You can also create more specialized tables for specific situations, like side-by-side regression results tables with {modelsummary} (which uses {gt}, {kableExtra}, or {flextable} behind the scenes)

library(modelsummary)

model1 <- lm(hwy ~ displ, data = mpg)
model2 <- lm(hwy ~ displ + drv, data = mpg)

modelsummary(
  list(model1, model2),
  stars = TRUE,
  # Rename the coefficients
  coef_rename = c(
    "(Intercept)" = "Intercept",
    "displ" = "Displacement",
    "drvf" = "Drive (front)",
    "drvr" = "Drive (rear)"),
  # Get rid of some of the extra goodness-of-fit statistics
  gof_omit = "IC|RMSE|F|Log",
  # Use {tinytable}
  output = "tinytable"
)
(1) (2)
+ p < 0.1, * p < 0.05, ** p < 0.01, *** p < 0.001
Intercept 35.698*** 30.825***
(0.720) (0.924)
Displacement -3.531*** -2.914***
(0.195) (0.218)
Drive (front) 4.791***
(0.530)
Drive (rear) 5.258***
(0.734)
Num.Obs. 234 234
R2 0.587 0.736
R2 Adj. 0.585 0.732

Why isn’t the example code using data = whatever and mapping = aes() in ggplot() anymore? Do we not have to use argument names?

In the first few sessions, you wrote code that looked like this:

ggplot(data = mpg, mapping = aes(x = displ, y = hwy)) +
  geom_point()

In R, you feed functions arguments like data and mapping and I was having you explicitly name the arguments, like data = mpg and mapping = aes(...).

In general it’s a good idea to use named arguments, since it’s clearer what you mean.

However, with really common functions like ggplot(), you can actually skip the names. If you look at the documentation for ggplot() (i.e. run ?ggplot in your R console or search for “ggplot” in the Help panel in RStudio), you’ll see that the first expected argument is data and the second is mapping.

The documentation for the ggplot() function

If you don’t name the arguments, like this…

ggplot(mpg, aes(x = displ, y = hwy)) +
  geom_point()

…R will assume that the first argument (mpg) really means data = mpg and that the second really means mapping = aes(...).

If you don’t name the arguments, the order matters. This won’t work because ggplot will think that the aes(...) stuff is really data = aes(...):

ggplot(aes(x = displ, y = hwy), mpg) +
  geom_point()

If you do name the arguments, the order doesn’t matter. This will work because it’s clear that data = mpg (even though this feels backwards and wrong):

ggplot(mapping = aes(x = displ, y = hwy), data = mpg) +
  geom_point()

This works with all R functions. You can either name the arguments and put them in whatever order you want, or you can not name them and use them in the order that’s listed in the documentation.

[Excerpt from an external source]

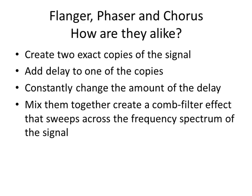Although flanger, phaser, and chorus can produce some very different effects, they're very similar in the way they work. They create two exact copies of the signal. They add a delay to one of the copies. They constantly change the amount and the nature of the delay. And finally, they mix them together to create a comb filter effect.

In general, you should name your arguments for the sake of clarity. For instance, with aes(), the first argument is x and the second is y, so you can technically do this:

ggplot(mpg, aes(displ, hwy)) +
  geom_point()

That’s nice and short, but you have to remember that displ is on the x-axis and hwy is on the y-axis. And it gets extra confusing once you start mapping other columns:

ggplot(mpg, aes(displ, hwy, color = drv, size = hwy)) +
  geom_point()

All the other aesthetics like color and size are named, but x and y aren’t, which just feels… off.

So use argument names except for super common things like ggplot() and the {dplyr} verbs like mutate(), group_by(), filter(), etc.

Double encoding and excessive legends

As you’ve read, double encoding aesthetics can be helpful for accessibility and printing reasons—for instance, if points have colors and shapes, they’re still readable by people who are colorblind or if the image is printed in black and white:

ggplot(mpg, aes(x = displ, y = hwy, color = drv, shape = drv)) +
  geom_point()

Sometimes the double encoding can be excessive though, and you can safely remove legends. For example, in exercises 3 and 4, you made bar charts showing counts of different things (words spoken in The Lord of the Rings; pandemic-era construction projects in New York City), and lots of you colored the bars, which is great!

car_counts <- mpg |> 
  group_by(drv) |> 
  summarize(n = n())

ggplot(car_counts, aes(x = drv, y = n, fill = drv)) +
  geom_col()

Car drive here is double encoded: it’s on the x-axis and it’s the fill. That’s great, but having the legend here is actually a little excessive. Both the x-axis and the legend tell us what the different colors of drives are (four-, front-, and rear-wheeled drives), so we can safely remove the legend and get a little more space in the plot area:

ggplot(car_counts, aes(x = drv, y = n, fill = drv)) +
  geom_col() +
  guides(fill = "none")

Legends are cool, but I’ve read that directly labeling things can be better. Is there a way to label things without a legend?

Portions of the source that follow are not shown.